6. Conclusion and Recommendations

This exploration of Bill 149’s transparency requirements regarding the use of AI in the hiring process in Ontario reveals the limited scope of the proposal. Its need for regulations in order take effect has the potential to considerably delay its implementation. It provides for notice but not for a right to an explanation or for human review of AI decisions. There is also a need to make better use of existing regulators (particularly privacy and human rights commissions). The issue of the use of AI in recruitment (or in the workplace more generally in Ontario) may require more than just tweaks to the Employment Standards Act but may also demand amendments to Ontario’s Human Rights Code and perhaps even specific privacy legislation at the very least aimed at the employment sector in Ontario.

Recommendations:

1. Redraft the provision so that the core obligations take effect without need for regulations or ensure that the necessary regulations to give effect to this provision are put in place promptly.

2. Amend s. 8.4 (1) to either include the elements that are required in any notice of the use of an AI system or provide for the inclusion of such criteria in regulations (so long as doing so does not further delay the coming into effect of the provision).

3. Provide for a right to an explanation to accompany s. 8.4(1).
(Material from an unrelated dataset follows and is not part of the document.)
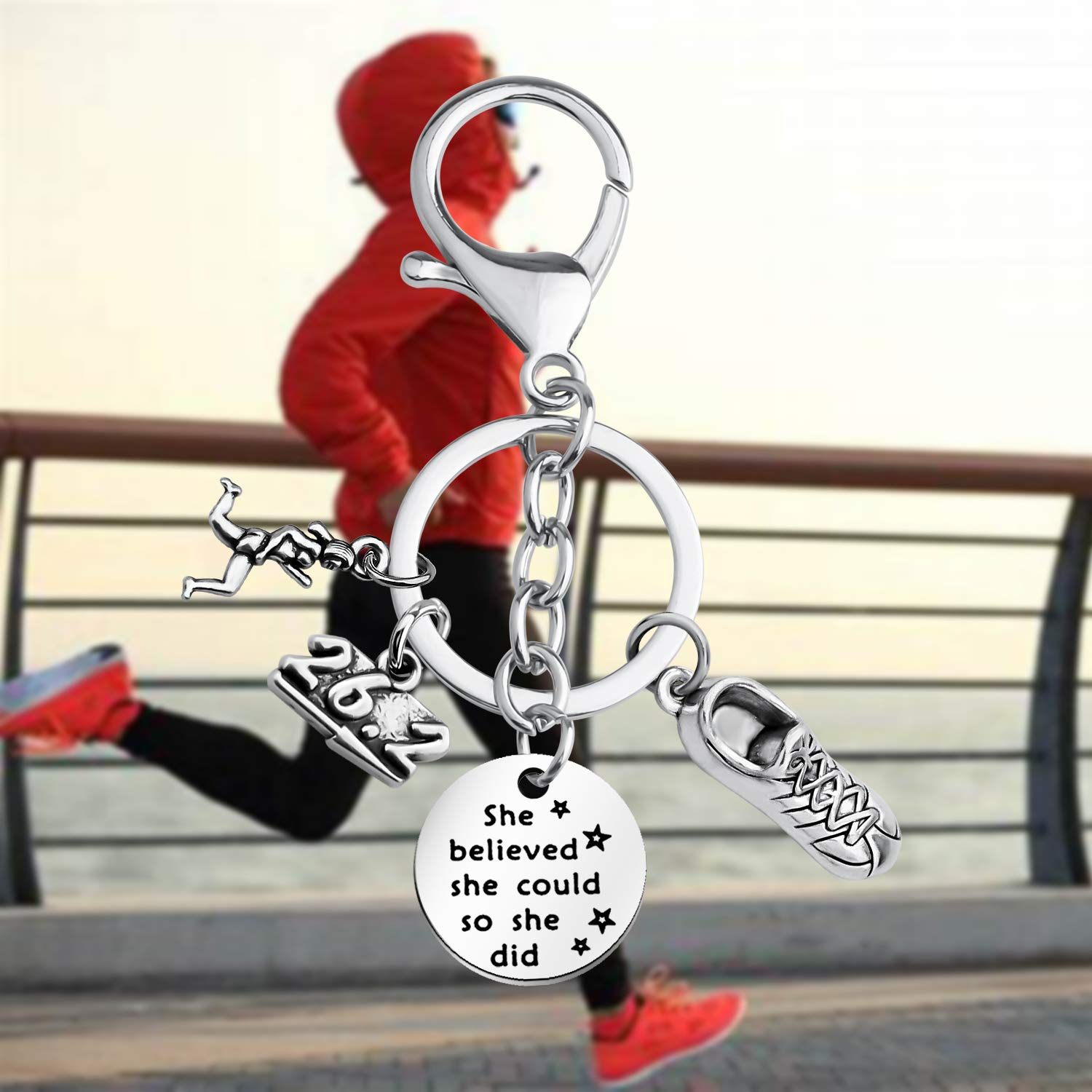 FUSTMW Runner Keychain - Marathon Jewelry Gift for Runners - Perfect for Race Day, Training Motivation & Finisher Rewards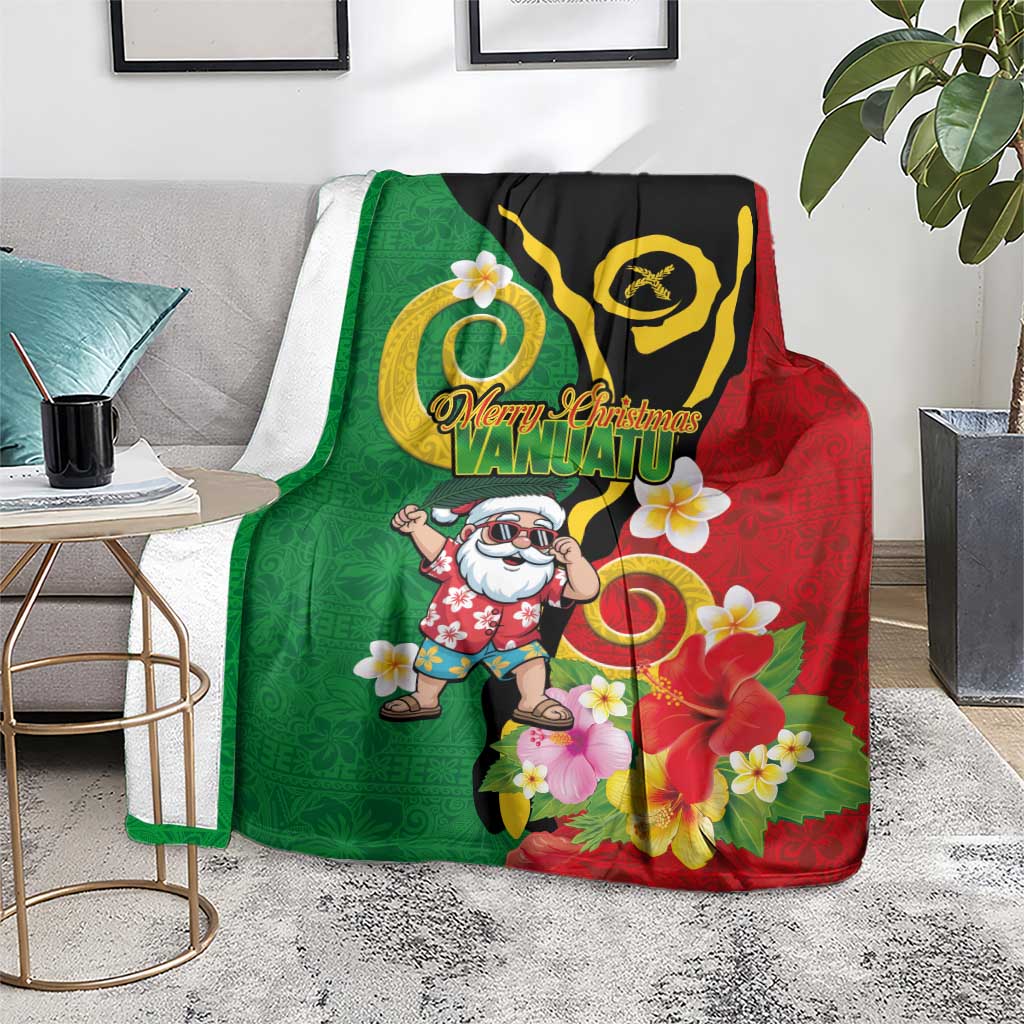 Vanuatu Christmas Blanket Funny Santa with Namele and Boar Tusk Tribal - Polynesian Pride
An alternative to this would be a broader right to an explanation in provincial private sector legislation or in privacy legislation for employees in provincially regulated sectors in Ontario, but this would be much slower than the inclusion of a basic right to an explanation in s. 8.4. The right to an explanation could also include a right to submit observations to a person in a position to review any decision or outcome.

4. Extend the notice requirement to other uses of AI to assess, evaluate and monitor the performance of employees in provincially regulated workplaces in Ontario. Ideally, a right to an explanation should also be provided in this context.

5. Ensure that individuals who are concerned that they have been discriminated against by the use of AI systems in recruitment (as well as employees who have similar concerns regarding the use of AI in performance evaluation and assessment) have adequate and appropriate recourse under Ontario’s Human Rights Code, and that the Ontario Human Rights Commission is adequately resourced to address these concerns.